_WORK REQUEST_:
Through the line that contains "Naklejka premium Detailed", return the data below exactly, starting at its first line; leave the rest out.

_SOURCE MATERIAL_:
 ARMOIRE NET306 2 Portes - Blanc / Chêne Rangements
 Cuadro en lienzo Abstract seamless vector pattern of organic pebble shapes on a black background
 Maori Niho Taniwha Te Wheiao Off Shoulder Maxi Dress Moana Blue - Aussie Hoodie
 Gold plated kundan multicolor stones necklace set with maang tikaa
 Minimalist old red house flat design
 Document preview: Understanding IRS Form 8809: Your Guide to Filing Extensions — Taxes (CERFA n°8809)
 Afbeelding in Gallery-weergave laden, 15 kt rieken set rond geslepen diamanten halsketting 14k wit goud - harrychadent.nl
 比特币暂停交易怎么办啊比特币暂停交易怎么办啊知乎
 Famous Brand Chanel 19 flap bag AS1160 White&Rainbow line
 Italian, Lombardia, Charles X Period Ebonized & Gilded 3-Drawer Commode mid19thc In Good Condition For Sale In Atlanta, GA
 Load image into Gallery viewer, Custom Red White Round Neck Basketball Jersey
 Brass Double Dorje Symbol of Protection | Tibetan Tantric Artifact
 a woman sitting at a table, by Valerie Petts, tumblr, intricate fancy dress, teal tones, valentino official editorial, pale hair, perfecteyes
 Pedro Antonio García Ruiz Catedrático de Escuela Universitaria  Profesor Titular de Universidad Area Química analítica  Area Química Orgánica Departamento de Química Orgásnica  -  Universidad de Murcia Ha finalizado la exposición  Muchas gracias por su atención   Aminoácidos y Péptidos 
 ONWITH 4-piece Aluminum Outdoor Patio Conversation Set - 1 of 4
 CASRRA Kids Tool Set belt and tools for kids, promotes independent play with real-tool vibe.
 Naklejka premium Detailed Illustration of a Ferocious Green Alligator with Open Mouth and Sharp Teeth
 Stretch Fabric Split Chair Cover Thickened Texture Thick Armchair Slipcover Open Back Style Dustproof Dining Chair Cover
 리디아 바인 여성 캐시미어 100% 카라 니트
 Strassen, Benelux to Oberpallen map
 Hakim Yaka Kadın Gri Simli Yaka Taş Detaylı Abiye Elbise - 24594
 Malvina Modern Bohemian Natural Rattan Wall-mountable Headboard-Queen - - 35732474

_ANSWER BOX_:
 ARMOIRE NET306 2 Portes - Blanc / Chêne Rangements
 Cuadro en lienzo Abstract seamless vector pattern of organic pebble shapes on a black background
 Maori Niho Taniwha Te Wheiao Off Shoulder Maxi Dress Moana Blue - Aussie Hoodie
 Gold plated kundan multicolor stones necklace set with maang tikaa
 Minimalist old red house flat design
 Document preview: Understanding IRS Form 8809: Your Guide to Filing Extensions — Taxes (CERFA n°8809)
 Afbeelding in Gallery-weergave laden, 15 kt rieken set rond geslepen diamanten halsketting 14k wit goud - harrychadent.nl
 比特币暂停交易怎么办啊比特币暂停交易怎么办啊知乎
 Famous Brand Chanel 19 flap bag AS1160 White&Rainbow line
 Italian, Lombardia, Charles X Period Ebonized & Gilded 3-Drawer Commode mid19thc In Good Condition For Sale In Atlanta, GA
 Load image into Gallery viewer, Custom Red White Round Neck Basketball Jersey
 Brass Double Dorje Symbol of Protection | Tibetan Tantric Artifact
 a woman sitting at a table, by Valerie Petts, tumblr, intricate fancy dress, teal tones, valentino official editorial, pale hair, perfecteyes
 Pedro Antonio García Ruiz Catedrático de Escuela Universitaria  Profesor Titular de Universidad Area Química analítica  Area Química Orgánica Departamento de Química Orgásnica  -  Universidad de Murcia Ha finalizado la exposición  Muchas gracias por su atención   Aminoácidos y Péptidos 
 ONWITH 4-piece Aluminum Outdoor Patio Conversation Set - 1 of 4
 CASRRA Kids Tool Set belt and tools for kids, promotes independent play with real-tool vibe.
 Naklejka premium Detailed Illustration of a Ferocious Green Alligator with Open Mouth and Sharp Teeth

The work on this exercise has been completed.